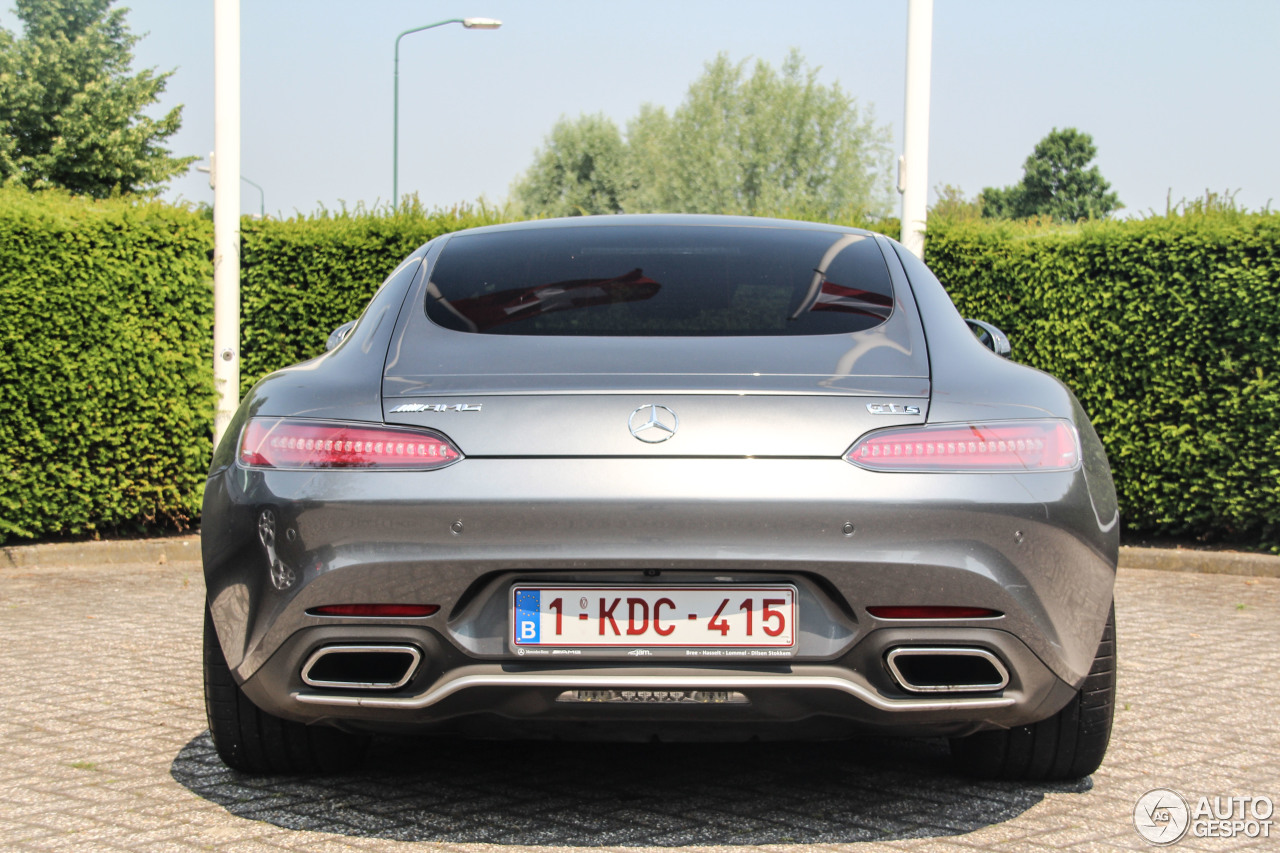 Mercedes-AMG GT S C190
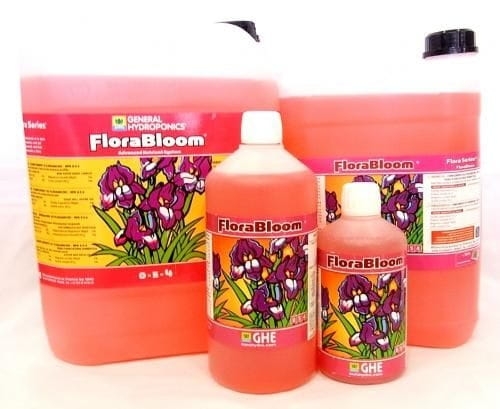 Nawóz GHE Flora Bloom 5L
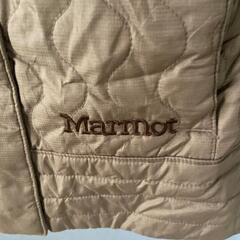 Marmot キルティング ジャケット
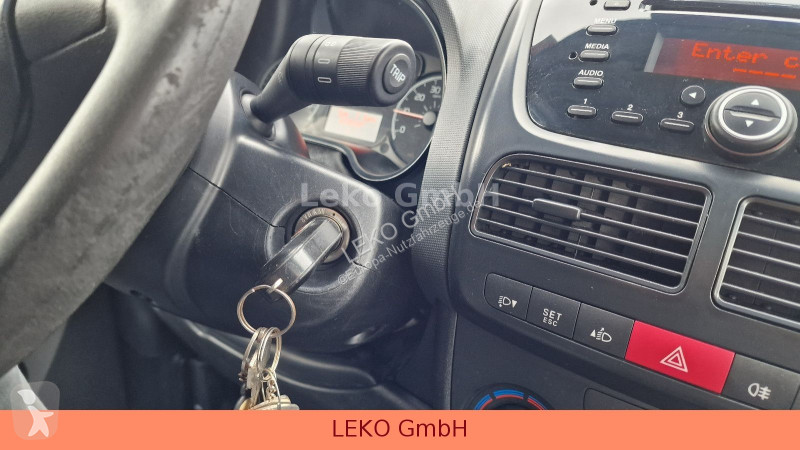 Fiat 1,3 Mit Relec Froid TR 32 Transporter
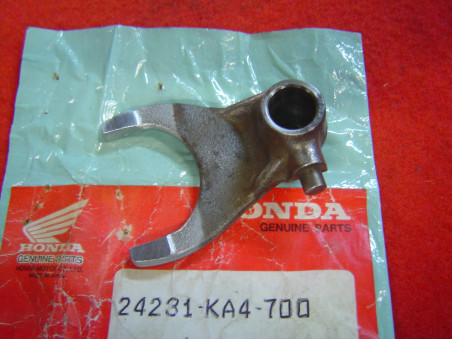 Fourchette boîte centrale Honda CR250RC - Réf. 24231-KA4-700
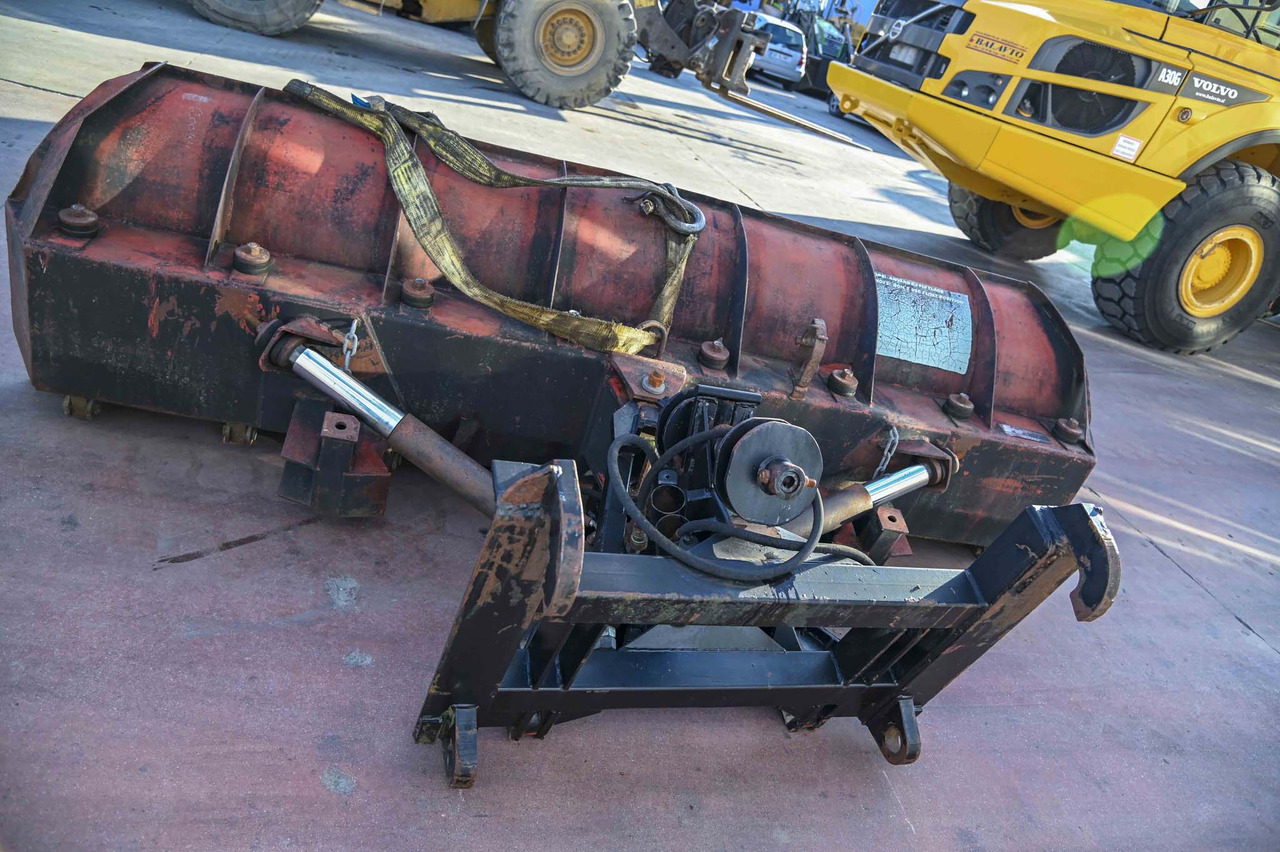 Holms KHP-80-320 - Sniego peilis: foto 5 Holms KHP-80-320 - Sniego peilis: foto 5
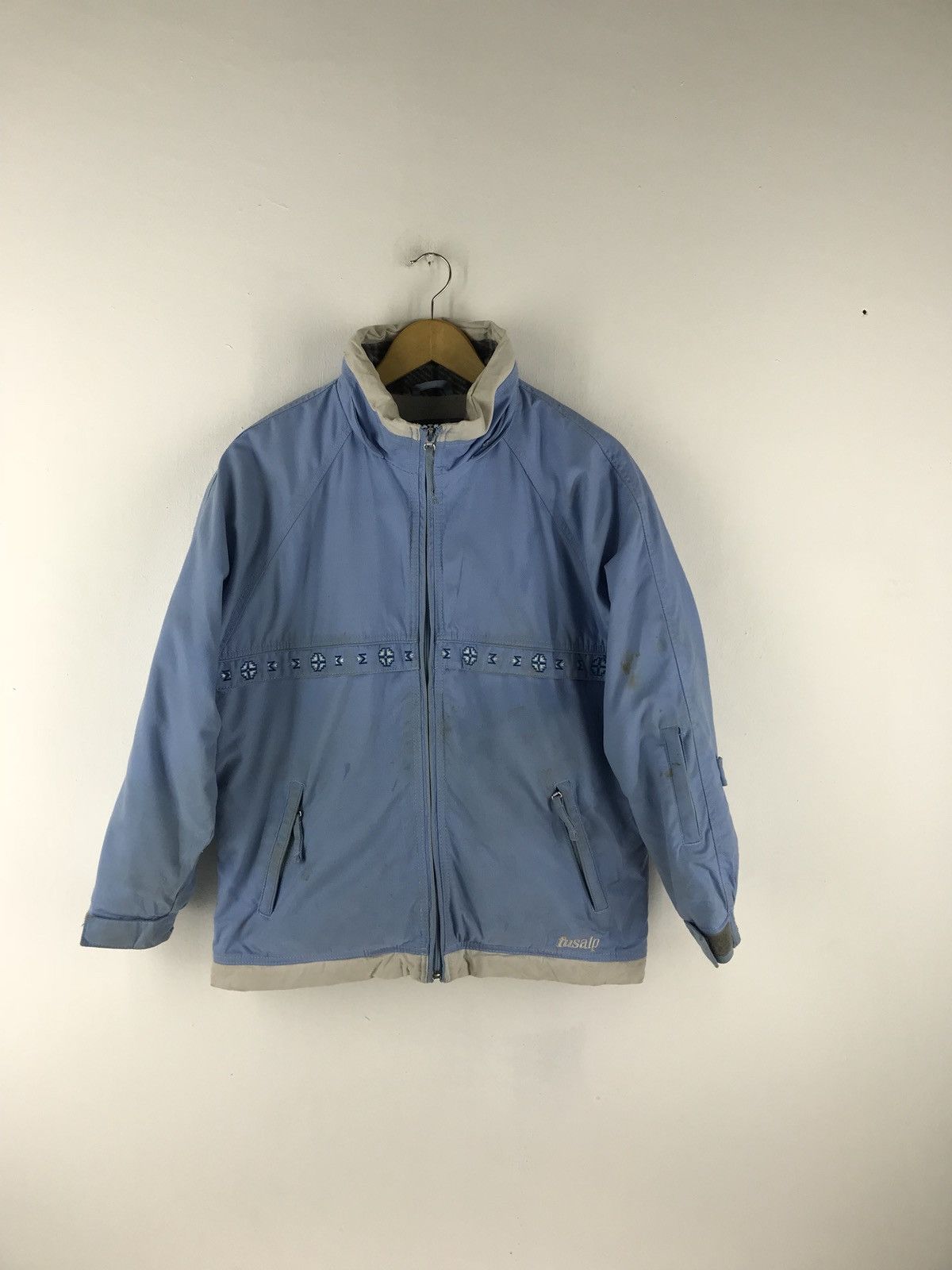 Fusalp FULSALP IN ANNECY FRANCE SHING IN THE BEST SPORT SKI JACKET Size ONE SIZE - 1 Thumbnail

◆ ◆ ◆ ◆ ◆ ◆ ◆

Reproduce exactly, with nothing added, the lines from the line with "Holms KHP-80-320 - Sniego peilis: foto 5 Holms" through the end of the entries above; pictures are to be left out.

 Holms KHP-80-320 - Sniego peilis: foto 5 Holms KHP-80-320 - Sniego peilis: foto 5
 Fusalp FULSALP IN ANNECY FRANCE SHING IN THE BEST SPORT SKI JACKET Size ONE SIZE - 1 Thumbnail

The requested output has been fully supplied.